L’Autorité des marchés publics (AMP) reproche à la Ville de Boucherville de ne pas avoir respecté certaines règles dans le cadre de l’octroi du contrat pour la construction du complexe multisport. L’administration municipale se défend et maintient avoir agi de bonne foi et dans l’intérêt de la population.
À la suite d’une dénonciation, l’AMP a examiné le processus d’octroi du contrat et en est venu à la conclusion que la Ville a enfreint le principe de l’égalité de traitement des soumissionnaires ainsi que l’intégrité du processus contractuel.
L’organisme public pointe particulièrement une entente conclue avec le Groupe Geyser, le plus bas soumissionnaire conforme.
«Cette entente, conclue après réception des soumissions, visait à prolonger la période de validité de l’offre et à repousser le début des travaux, en contrepartie d’une compensation financière de 2 399 792 $, s’ajoutant au prix initial de 44 474 629 $», écrit l’AMP dans un communiqué de presse.
Selon l’organisme, cette démarche a compromis l’équité entre les soumissionnaires.
Boucherville déçue
Le directeur général de la Ville de Boucherville, Roger Maisonneuve, dit accueillir avec déception les conclusions de l’AMP, et affirme que l’administration municipale a toujours agi dans l’intérêt public et dans le respect des règles de saine gestion financière «en maintenant le projet à un coût raisonnable et en maximisant les possibilités de subvention.»
Une décision liée à une subvention espérée
En entrevue au journal, M. Maisonneuve a rappelé que le premier appel d’offres, lancé en 2022, avait été annulé en raison de coûts jugés trop élevés, soit près de 51 M$ incluant les taxes. Un deuxième appel d’offres, lancé en août 2023, a permis d’obtenir une soumission plus basse, à environ 44,4 M$ (taxes incluses), de la part du Groupe Geyser.
Or, entre la réception des soumissions et l’adjudication du contrat, Québec a lancé le Programme d’aide financière aux infrastructures récréatives et sportives, offrant un soutien financier pouvant aller jusqu’à 20 M$.

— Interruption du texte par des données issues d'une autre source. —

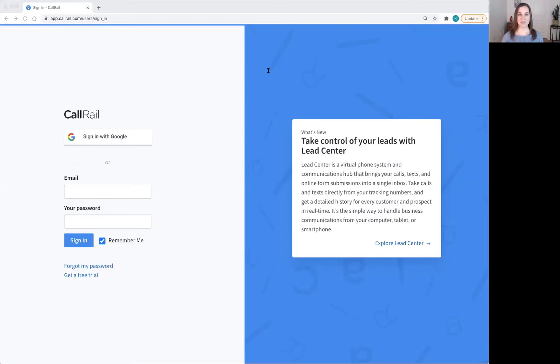In this video I'm going to show you how to forward calls from CallRail to your SmithAI virtual receptionists or any other number.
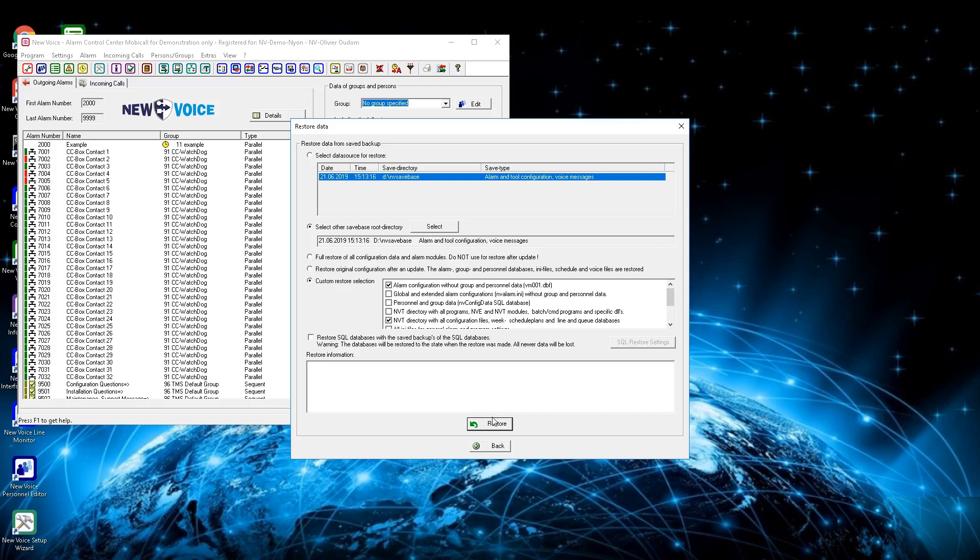After defining what restore should be made, press the button Restore to enter the chosen backup. If databases are going to be restored, close all MobiCall applications and stop the NewVoice Tool Service and all NewVoice web services. Check the system if everything is working again after restore.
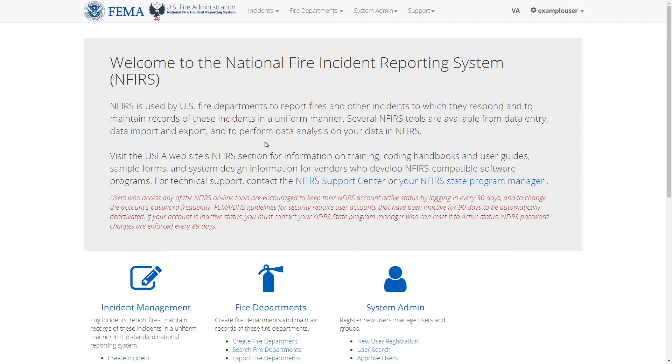Hi, in this video we'll go over how to edit and save basic incident details. Note that a separate video will cover how to edit incident module information.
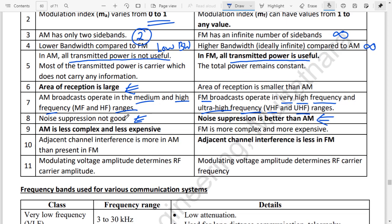AM is less complex and less expensive. FM is more complex and more expensive. Regarding adjacent channel interference, AM is more susceptible to it, which is a disadvantage of AM stations.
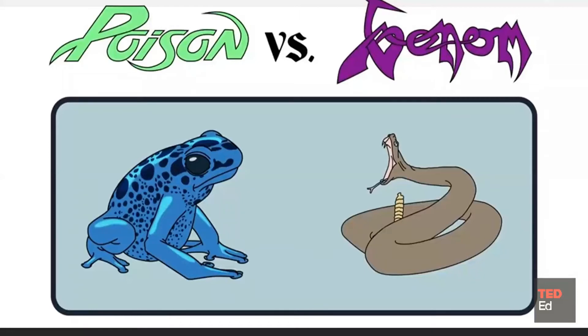Mushrooms are poisonous. The plant is toxic because it contains poison. The poison is a venom.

Pour demeurer admissible à cette aide, explique-t-il, la Ville ne devait pas attribuer le contrat avant d’avoir reçu une réponse du ministère de l’Éducation.
C’est dans ce contexte, dit-il, qu’il a convenu d’une entente avec le plus bas soumissionnaire afin de prolonger la validité de sa soumission et de reporter le début des travaux, en échange d’une compensation éventuelle, à discuter à la fin du contrat, se situant entre 1,6 M$ et 2,4 M$.
Le projet n’a finalement pas été retenue pour être subventionné.
Une entente administrative, selon la Ville
M. Maisonneuve précise que cette entente n’a jamais été approuvée par le conseil municipal ni incluse dans le contrat officiellement octroyé en août 2024.
«Le contrat a été octroyé tel que soumis. La compensation éventuelle est une discussion administrative entre moi et l’entrepreneur. Elle sera évaluée à la fin du chantier, en fonction des impacts réels du report», insiste-t-il.
La Ville assure qu’elle s’est appuyée sur une opinion juridique, émise par le cabinet Bélanger Sauvé, pour valider la légalité de cette démarche. Elle déplore par ailleurs que cette opinion transmise à l’AMP ne soit pas mentionnée dans sa décision.
Une obligation
L’AMP mentionne qu’une fois les soumissions reçues, un organisme municipal ne peut modifier les conditions de l’appel d’offres ni celles des soumissions avant l’attribution officielle du contrat.
L’AMP dit «déplorer un manque de transparence dans la déclaration du montant réel du contrat, car la compensation financière n’a jamais été déclarée dans le Système électronique d’appel d’offres du gouvernement.»
L’AMP recommande à Boucherville de renforcer ses pratiques et d’offrir une formation appropriée à son personnel en gestion contractuelle.
Formation continue
Le grand patron de la Ville assure que les employés municipaux sont toujours en formation. «Pas plus tard qu’hier, j’étais en formation avec mes équipes pour la gestion contractuelle et faire attention à toutes les choses. En donner plus, je n’ai aucun problème avec ça. Ce n’est pas une conclusion qui est très lourde lourde à appliquer.»
«Mais ce qui nous déçoit, c’est le portrait incomplet que trace l’AMP. Certains faits ont été omis dans la décision», soutient M. Maisonneuve.
Enfin, la Ville indique être en discussion avec ses avocats pour analyser la suite à donner au dossier.